First, communities tend to neutralise differences by treating all members as brothers, that is, as the same. The other belongs to my community only insofar as he is like me, and the ‘us’ — the group of those who belong together — appears as a homogeneous group. It is because of this tendency to homogenise that fraternity can include apparent non-brothers (such as women) and that the fraternal community can present itself as universal. The woman gets included in fraternity when she becomes a brother for humanity, that is, when she is not (completely) woman anymore. Because ‘man’ is the archetype of humanity and ‘brother’ the archetype of the relation between siblings, the woman can become human or sibling only insofar as she resembles the archetypes of ‘man’ or ‘brother’. Fraternity as a process of universalisation is a process of inclusion, but here ‘to include’ means to neutralise difference.
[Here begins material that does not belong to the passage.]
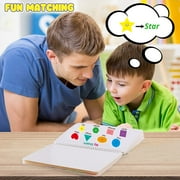 Montessori Learning Toys for Toddlers 2-4, Educational Busy Books for Kids Aged 3 4 5 Years Old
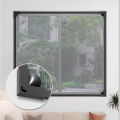 2026 DIY Custom Size Lockable, Windproof Magnetic Screen Window, Self-Adhesive Mosquito Net Curtain, Invisible, Household Magnet.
Second, communities are inscribed in a field of opposition; they define themselves in an oppositional logic, by excluding ‘them,’ that is, those who do not belong, those who are not ‘brothers,’ not ‘the same’. If I can identify my brothers, then by using the same criterion, I can also identify those who are not my brothers. All groups function in the same way: they define a criterion which functions as a wall erected around the group, a wall filled with certain type of openings that let only the right elements in. Of course, some criteria of appurtenance are more inclusive than others because they are shared by more people. But no matter how inclusive a group is, it is always possible to find elements that are excluded. Thus the community of human beings excludes animals, and the community of beings in general excludes ghosts.

To escape this double violence, it is necessary, according to Derrida, to cut the bond that binds me to, or excludes me from, a group. Only then will there be an experience of the other, or a relation to the other, which will respect and do justice to its otherness, its difference.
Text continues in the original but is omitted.